Impr/add name change route #35

RyanPotat · 2025-01-21T10:20:01Z

Adds a route to check for a user's previous name history, showing the first and last date seen for each username.

Should still respect user opt-outs.

The query itself consistently takes around ~100ms on my local instance, scanning 1.5 billion rows.

Very (completely) new to rust so I mainly just copied your existing implementations of stuff, and probably missed something.

Tested and worked fine locally.

boring-nick

This is definitely a useful endpoint, but I'm worried about the database load it can cause by scanning the whole table by user id without a channel.

Ideally this should be precalculated as a materialized view/projection that can be quickly queried by user id. But that can be done later, result cache will suffice for now.

boring-nick · 2025-02-05T07:28:20Z

src/web/schema.rs

+    pub first_timestamp: String,
+}
+
+pub type PreviousNames = Vec<PreviousName>;


It doesn't make sense to make a type alias for such a simple type

Makes sense, I will simplify to a single type.

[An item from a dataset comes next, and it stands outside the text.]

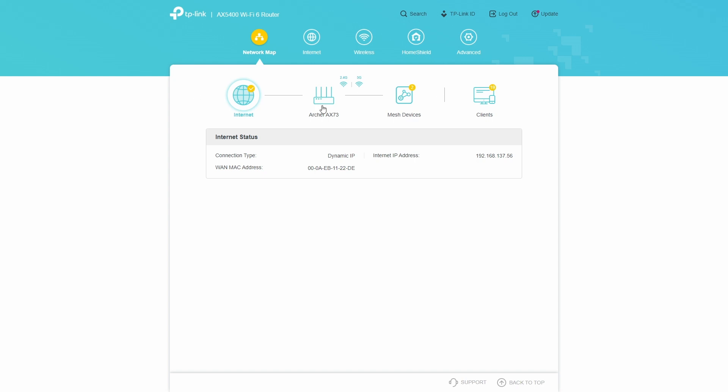So the setting that you're looking for should be in the Advanced tab. It's the fifth tab in the case of this particular model that we're using. But it could be the last tab if you don't have HomeShield. If you don't have this feature, it will be four tabs and you'll have Advanced.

boring-nick · 2025-02-05T07:30:33Z

src/db/mod.rs

+            let sanitized_user_login = if name_history_row.user_login.starts_with(':') {
+                name_history_row.user_login.chars().skip(1).collect::<String>()
+            } else {
+                name_history_row.user_login.clone()
+            };


This can just be let sanitized_user_login = name_history_row.user_login.trim_start_matches(':');

boring-nick · 2025-02-05T07:37:08Z

src/db/mod.rs

+        pub first_timestamp: i32,
+    }
+
+    let query = "SELECT user_login, toDateTime((MAX(timestamp))) AS last_timestamp, toDateTime(MIN(timestamp)) AS first_timestamp FROM message_structured WHERE user_id = ? GROUP BY user_login".to_owned();


Since this query does a large scan and can be potentially heavy, the result should be cached. You should add this at the end of the query so the result is cached for 10 minutes:

SETTINGS use_query_cache = 1, query_cache_ttl = 600

I will definitely add this, makes sense. I was not aware this was a in-house feature.

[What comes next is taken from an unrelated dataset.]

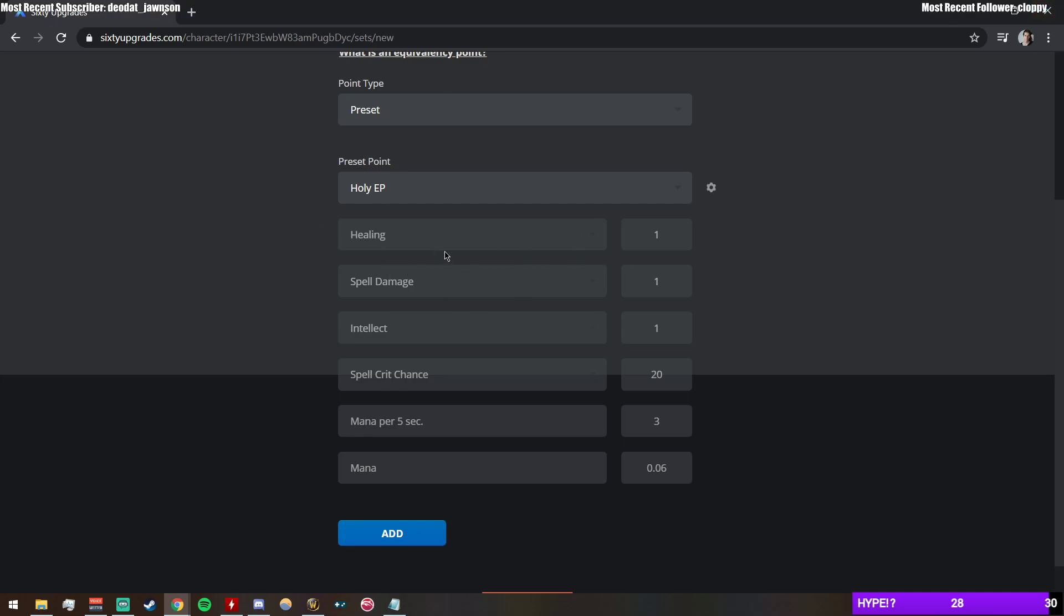So for each point of healing, this item is going to give one point. For each point of spell damage, it's going to give one point. For each point of spell crit, it's going to give 20. Each mana per five is three. Every point of mana it has is 0.06.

RyanPotat · 2025-02-05T10:01:33Z

You are not wrong about the database load concerns, I asked the largest rustlog instance I know (@ZonianMidian's) to run this query directly, and it was extremely slow. I have already made your corrections, but I will also attempt to split up the query up and avoid a group by clause, which showed much better results on both rustlog instances.

RyanPotat · 2025-02-06T06:54:46Z

I have split the query to vastly improve query speed on databases that have not been optimized recently.

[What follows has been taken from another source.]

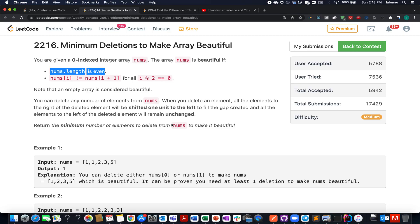Hello everyone, continuing the series of weekly contest 286, here comes the second question in the queue which is 'Minimum Deletions to Make Array Beautiful.' In this question we are given an array of integers and we need to identify the minimum number of deletions needed such that the array turns beautiful.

As far as adding a projection/materialized view, this is a route that most likely will get low use, the performance tradeoff on inserts could be a negative net benefit? I'm not sure.

boring-nick

Overall this approach seems fine, should be much faster than the GROUP BY version since now it always filters by user id.

You should also run cargo clippy on your code, it might have some minor nitpicks regarding style

boring-nick · 2025-02-07T08:20:25Z

src/db/mod.rs

+    let name_history_rows = sanitized_user_logins
+        .into_iter()
+        .map(|login| {
+            let query = history_query.clone();
+            async move {
+                let query = db.query(&query).bind(user_id).bind(&login);
+                query
+                    .fetch_one::<SingleNameHistory>()
+                    .await
+                    .map(|history| (login, history))
+                    .map_err(Error::from)
+            }
+        })
+        .collect::<futures::stream::FuturesOrdered<_>>()
+        .collect::<Vec<_>>()
+        .await
+        .into_iter()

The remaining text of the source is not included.